Die glaubt aber auch Johannes Singhammer zu kennen. Der Zuwachs von 1,6 Millionen Arbeitsplätzen seit 2005, so der CSU-Politiker, sei der beste Beitrag gegen Kinderarmut. Um die ökonomische Existenz der Familien zu sichern, habe die Koalition das Elterngeld aus der Taufe gehoben. Damit, so Singhammer, habe man einen "Turbo in der Familienförderung gezündet". Im kommenden Jahr werde auch noch das Kindergeld erhöht, versprach er. In Richtung Linksfraktion, deren Gesetzentwurf zur Änderung des Unterhaltsvorschusses ( 16/7889, 16/9440) abgelehnt wurde, sagte er: "Wir brauchen keine Familienpolitik der ungedeckten Schecks, sondern eine Familienpolitik wie sie Familienministerin Ursula von der Leyen macht." Die CDU-Ministerin ihrerseits verwies auf den "armutspräventiven" Charakter des Kindergeldes. Ihrer Ansicht nach müssten Kinderreiche und Alleinerziehenden dabei verstärkt bedacht werden.

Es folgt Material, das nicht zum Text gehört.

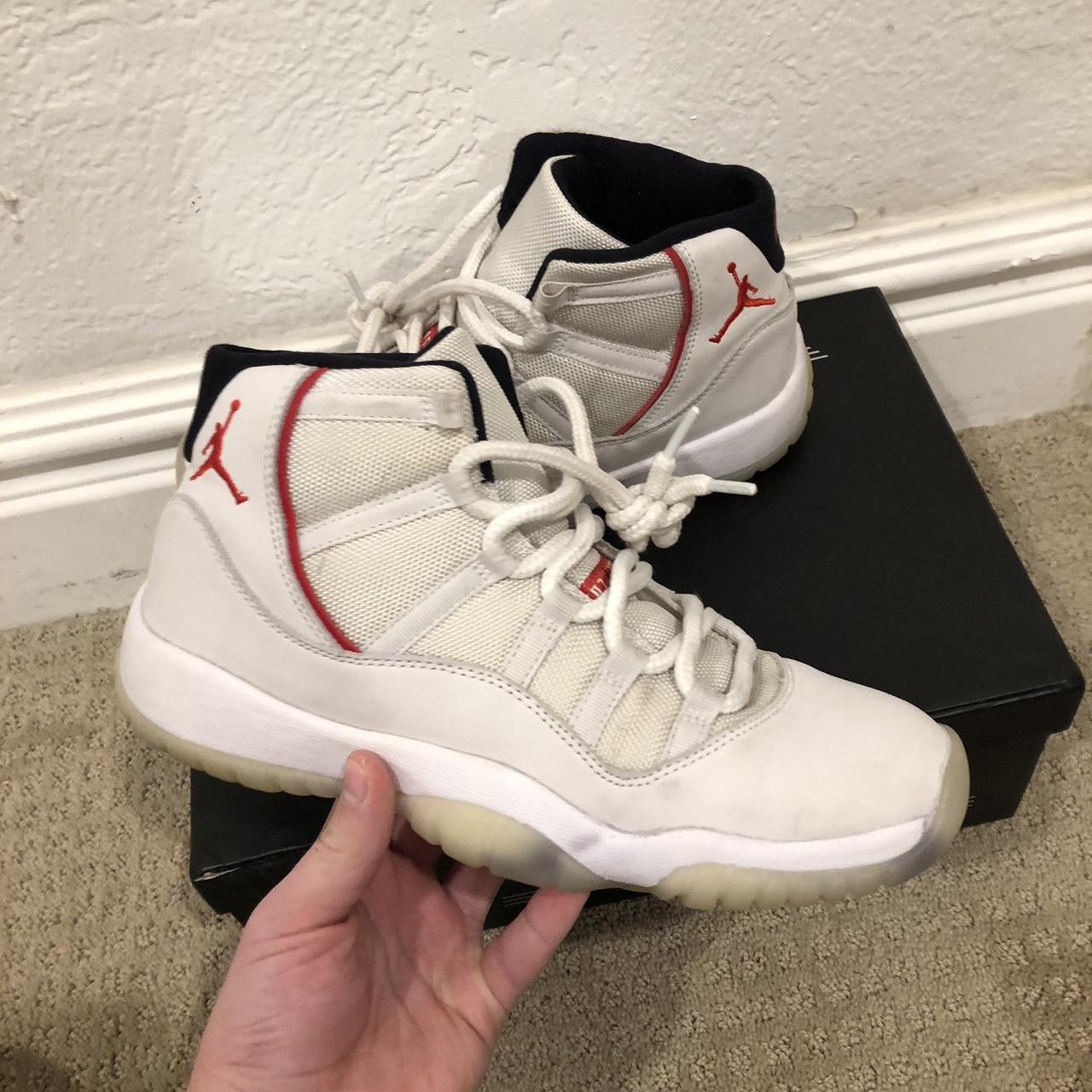 Jordan 11 sale platinum size 7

Die Grünen-Fraktionsvorsitzende Renate Künast erinnerte daran, dass Rot-Grün zwei Mal das Kindergeld erhöht habe. "Und zwar gegen den Willen der Union", betonte sie. Das gestaffelte Kindergeld der jetzigen Bundesregierung sei hingegen keine Antwort - insbesondere nicht auf die Probleme Alleinerziehender. "Die erhalten nämlich Null Euro", so Künast, die hinter der Regelung eine "ideologische Prägung" vermutet. Wie auch der SPD-Abgeordnete Dieter Stein-ecke kritisierte Künast das geplante Betreuungsgeld für Eltern, die ihre ein- bis dreijährigen Kinder nicht in die Tagesbetreuung geben wollen. Das Geld gehe an die Falschen, so Künast. Nach Steineckes Ansicht führt das Betreuungsgeld gar zu einer "Katastrophe". Ein Blick nach Thüringen - wo die Regelung schon praktiziert werde und die Betreuungszahlen seitdem rückläufig seien - sollte reichen, um die Pläne zu verwerfen, sagte er. Steinecke merkte an, dass trotz Vollzeitarbeit bei einigen Eltern das Geld nicht reiche, um eine Familie zu versorgen. Daher führe kein Weg an einem gesetzlichen Mindestlohn vorbei. Für einen Mindestlohn sprach sich auch die Linken-Abgeordnete Elke Reinke aus. Der Kampf gegen die Kinderarmut sei auch der Kampf gegen materielle Armut, sagte sie.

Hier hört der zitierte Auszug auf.